I have no patience for the made-for-television Gatsby of 2000, in which Mira Sorvino looks ashamed, under her droopy hats and sweeps of long hair, to be in the company of Toby Stephens. As Daisy, Sorvino is dull; as Gatsby, Stephen is tightly wrapped and controlled, smirking with discomfort. It's right for Gatsby to be uncomfortable -- Fitzgerald makes a point of this, when we see Gatsby in multiple social situations -- but Stephens is pulled down by his constant conversations with a too-fresh-faced frat-boy Nick (Paul Rudd). Stephens has something of Ladd's gangster Gatsby about him -- the best part of both Ladd's and Stephens's portrayal -- but it gets lost in the sloppy shuffling of the story.

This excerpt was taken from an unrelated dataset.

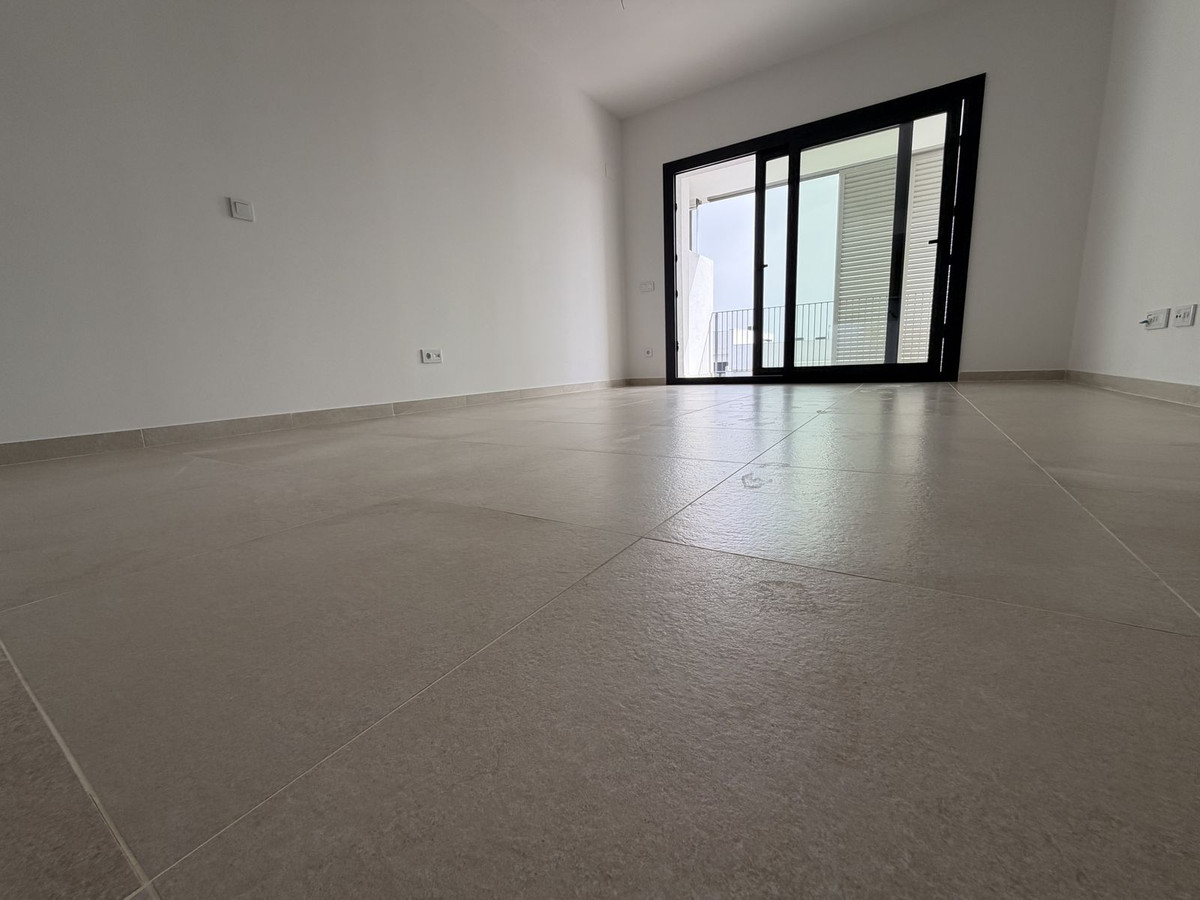 2 Bed Apartment for sale in Estepona Costa Del Sol, Málaga, Spain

The Elevator Repair Service production of Gatz remains in a class entirely by itself. This play, which reads and performs every word of the novel, has been praised and revived since its inception in 2005. The star of this seven-hour show is Scott Shepherd, as Nick Carraway, but Jim Fletcher caught the humor of Gatsby -- something it had proved impossible for earlier Gatsbies to do. Fitzgerald's Jay Gatsby can be a very funny character at times: self-aggrandizing, strange, apt to say inadvertently silly things in the course of his trying too hard, chasing his dreams and illusions. Nick often laughs at him. I never fail to smile when, reading the novel, I hear Gatsby identify San Francisco as being in the Midwest. Fletcher, with his genial smile and over-the-top embodiment of that extraordinary gift for hope, in the most lurid pink suit any Gatsby's ever worn, made the man fun to be around.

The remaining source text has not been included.